In Texas, and other states with large immigrant populations, the difference is more than academic. Urban districts include many more people who are too young, not citizens or otherwise ineligible to vote.
Two rural Texas voters are challenging the use of total population data in drawing state Senate districts because they say it inflates the voting power of city dwellers at their expense.
Their arguments seemed to make some headway Tuesday with Justice Anthony Kennedy, the pivotal vote on so many close high court cases.
When some districts of roughly equal population have dramatically different numbers of eligible voters, shouldn’t Texas “at least give some consideration to this disparity that you have among voters?” Kennedy asked.
Later he wondered whether states could produce districts that were roughly equal in terms of overall population and eligible voters, saying, “Why is one option exclusive of the other? Why can’t they have both?”
Texas Solicitor General Scott Keller said such an outcome could only be achieved at the expense of other traditional requirements about redistricting, including drawing relatively compact districts that don’t split counties.
Kennedy sounded persuaded. “That sounds highly probable to me,” he said.
The Texas case was one of three matters before the court on Tuesday that dealt with redistricting.

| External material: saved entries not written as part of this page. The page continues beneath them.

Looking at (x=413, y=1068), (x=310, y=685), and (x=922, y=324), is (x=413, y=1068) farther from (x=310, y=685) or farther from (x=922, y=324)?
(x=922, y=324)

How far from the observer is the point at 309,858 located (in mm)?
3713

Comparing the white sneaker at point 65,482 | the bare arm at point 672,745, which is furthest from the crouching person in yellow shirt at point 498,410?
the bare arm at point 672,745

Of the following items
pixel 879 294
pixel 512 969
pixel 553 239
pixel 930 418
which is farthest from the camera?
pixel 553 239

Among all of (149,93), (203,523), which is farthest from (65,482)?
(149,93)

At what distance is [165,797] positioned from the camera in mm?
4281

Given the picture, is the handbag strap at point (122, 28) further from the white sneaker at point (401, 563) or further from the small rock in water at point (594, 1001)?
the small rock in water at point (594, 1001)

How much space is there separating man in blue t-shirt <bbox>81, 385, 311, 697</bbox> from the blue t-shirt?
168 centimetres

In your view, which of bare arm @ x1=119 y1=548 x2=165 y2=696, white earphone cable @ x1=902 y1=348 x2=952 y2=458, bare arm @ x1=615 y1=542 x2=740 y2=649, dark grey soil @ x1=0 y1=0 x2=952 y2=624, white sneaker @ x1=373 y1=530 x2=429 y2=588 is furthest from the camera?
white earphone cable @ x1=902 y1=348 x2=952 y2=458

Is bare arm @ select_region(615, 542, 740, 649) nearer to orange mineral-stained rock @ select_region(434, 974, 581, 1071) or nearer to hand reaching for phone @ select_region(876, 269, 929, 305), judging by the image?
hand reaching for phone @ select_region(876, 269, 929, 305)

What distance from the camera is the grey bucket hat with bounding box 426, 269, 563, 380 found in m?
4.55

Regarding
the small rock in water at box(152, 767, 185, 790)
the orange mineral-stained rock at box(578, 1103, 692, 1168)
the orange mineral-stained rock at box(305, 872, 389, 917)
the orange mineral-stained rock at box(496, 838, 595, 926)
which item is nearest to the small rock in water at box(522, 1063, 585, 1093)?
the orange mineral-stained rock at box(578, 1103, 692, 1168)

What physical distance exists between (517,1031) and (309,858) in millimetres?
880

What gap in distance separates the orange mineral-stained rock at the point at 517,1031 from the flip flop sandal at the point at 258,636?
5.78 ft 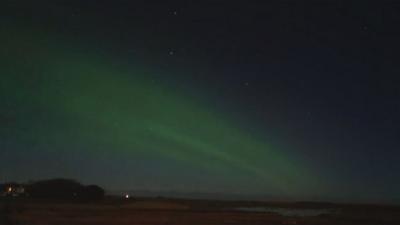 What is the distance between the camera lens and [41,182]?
68.6 m

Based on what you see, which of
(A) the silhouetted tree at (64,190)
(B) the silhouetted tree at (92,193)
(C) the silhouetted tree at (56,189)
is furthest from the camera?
(C) the silhouetted tree at (56,189)

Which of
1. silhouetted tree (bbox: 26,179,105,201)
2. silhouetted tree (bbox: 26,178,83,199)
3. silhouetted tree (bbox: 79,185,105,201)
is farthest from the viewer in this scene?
silhouetted tree (bbox: 26,178,83,199)

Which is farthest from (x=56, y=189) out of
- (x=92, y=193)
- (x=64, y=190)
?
(x=92, y=193)

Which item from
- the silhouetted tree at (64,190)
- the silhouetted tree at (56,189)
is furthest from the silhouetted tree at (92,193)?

The justices also considered a challenge from Republicans over whether Arizona’s state legislative districts were redrawn in a way that illegally shifted voters to give Democrats an advantage. The case also invokes the “one person, one vote” principle in asking whether slight differences in population that typically pass muster are nonetheless problematic if districts are drawn for partisan advantage or to comply with a now-defunct provision in the Voting Rights Act.
In yet a third case, the court unanimously revived a challenge by some Maryland residents to their state’s 2011 redrawing of its congressional districts, ruling that their case must be heard by a panel of three judges, not a single judge.
The arguments in the Texas case were unusual in several respects. The justices displayed little of the aggressiveness that often marks Supreme Court arguments and Justice Antonin Scalia said nothing at all during the hourlong session.
Civil rights groups say forcing states to change their method would damage Latino political influence. Texas picked up four congressional seats after the 2010 census, mainly because of the growth in its Hispanic population.
Chief Justice John Roberts and Justice Samuel Alito appeared most open to the challengers’ argument, but Scalia, another usually reliable conservative voice, did not comment at all.
The court’s liberal justices seemed more clearly disposed to upholding the districting plan for the Texas Senate that is being reviewed.